Multi-Level and Multi-Scale Spatial and Spectral Fusion CNN for Hyperspectral Image Super-Resolution

Abstract

Hyperspectral imaging simultaneously captures images of the same scene across many numbers of spectral channels, and has different applications from agriculture, astronomy to surveillance and mineralogy, to name a few. However, due to various hardware limitations, the current hyperspectral sensor only provides low-resolution (LR) hyperspectral images compared with the RGB images obtained from a common color camera. Thus fusing a LR hyperspectral image with the corresponding high-resolution (HR) RGB image to recover a HR hyperspectral image has attracted much attention, and is usually solved as an optimization problem with prior-knowledge constraints such as sparsity representation and spectral physical properties. Motivated by the great success of deep convolutional neural network (DCNN) in many computer vision tasks, this study aims to design a novel DCNN architecture for effectively fusing the LR hyperspectral and HR-RGB images.

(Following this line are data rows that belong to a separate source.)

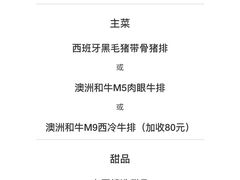 -C&R西班牙餐厅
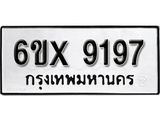 รับจองทะเบียน 9197 – ทะเบียนรถเลข 9197 หมวดใหม่เลขถูกใจจากกรมขนส่ง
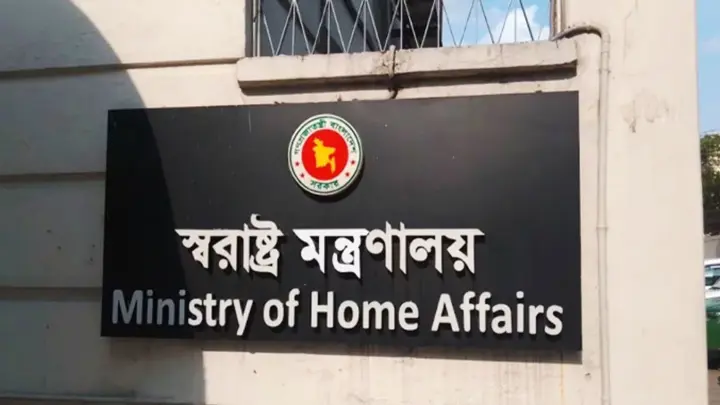 স্বরাষ্ট্র মন্ত্রণালয়ের প্রতীকী ছবি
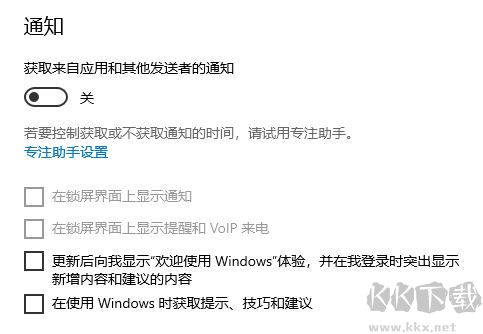 win10通知怎么關(guān)閉?教你關(guān)閉win10右側(cè)彈出通知的方法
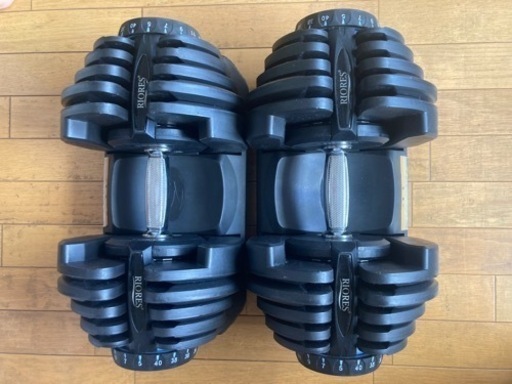 可変式ダンベル　40kg ✖️２個
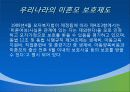 [미혼모 복지] 미혼모의 정의, 실태, 복지서비스 현황, 문제점 및 개선방안 (2012년 추천 우수) 11페이지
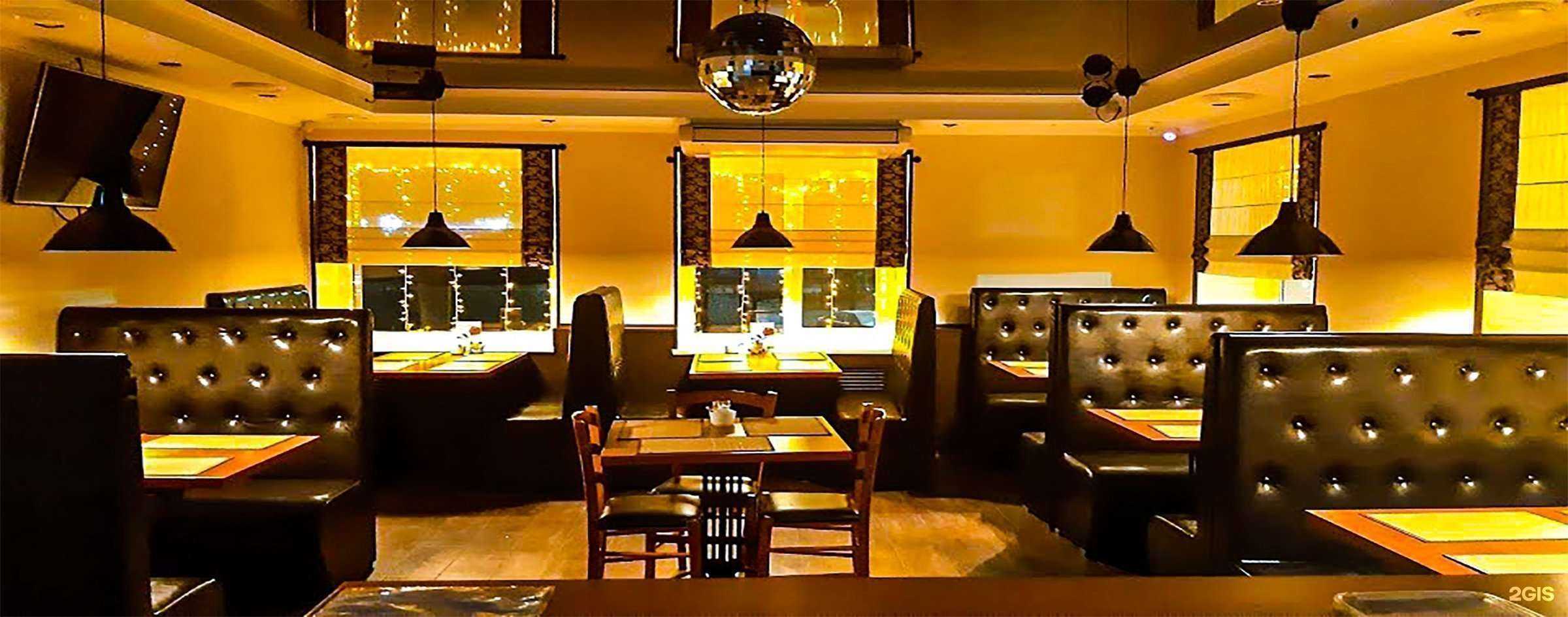 Отзывы на компанию Zlata Pizza в Череповце c фото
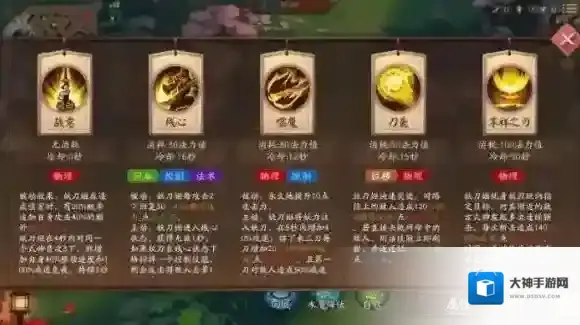 决战平安京打野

Taking consideration of the large resolution difference in spatial domain of the observed RGB and hyperspectral images, we propose a multi-scale DCNN via gradually reducing the feature sizes of the RGB images and increasing the feature sizes of the hyperspectral image for fusion. Furthermore, we integrate multi-level cost functions into the proposed multi-scale fusion CNN architecture for alleviating the gradient vanish problem in training procedure. Experiment results on benchmark datasets validate that the proposed multi-level and multi-scale spatial and spectral fusion CNNs outperforms the state-of-the-art methods in both quantitative values and visual qualities.